───── Listed records
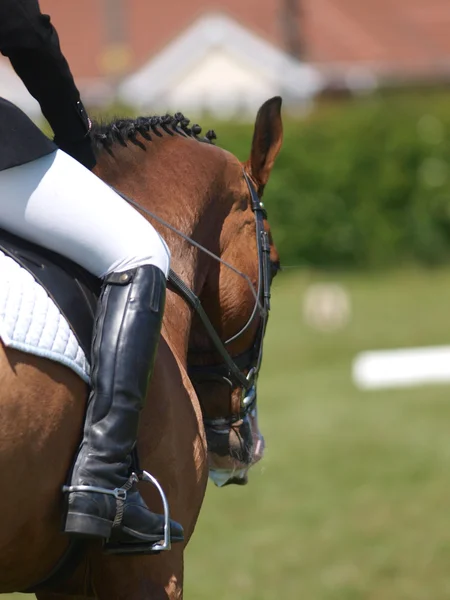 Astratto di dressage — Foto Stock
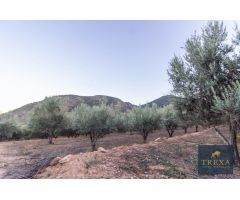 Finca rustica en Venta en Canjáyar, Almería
──────────
───── Listed records
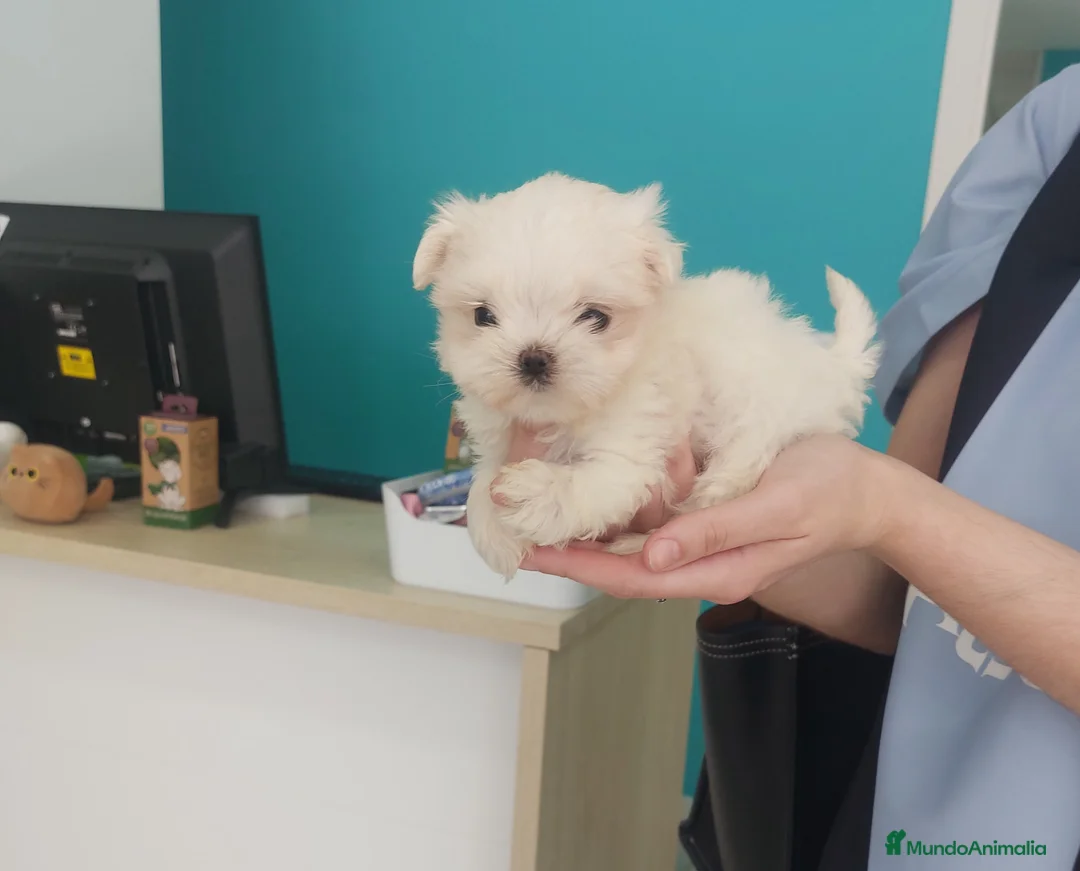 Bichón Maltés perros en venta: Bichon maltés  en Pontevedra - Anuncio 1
──────────
───── Listed records
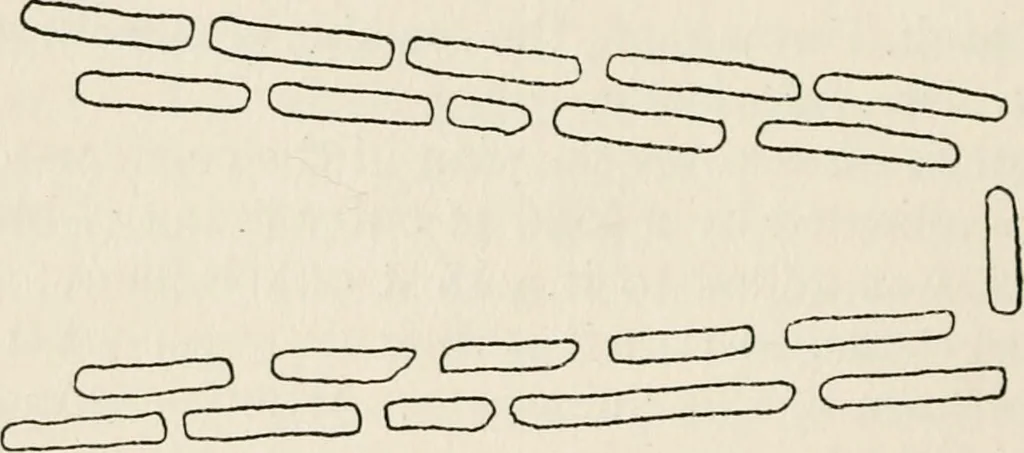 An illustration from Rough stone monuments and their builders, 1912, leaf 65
──────────
#### What is required:
Both the line containing "Astratto di dressage — Foto Stock" and the line containing "Finca rustica en Venta en Canjáyar, Almería" above belong in the output, as do the lines between them. Print them exactly, without pictures.

#### Result of the exercise:
 Astratto di dressage — Foto Stock
 Finca rustica en Venta en Canjáyar, Almería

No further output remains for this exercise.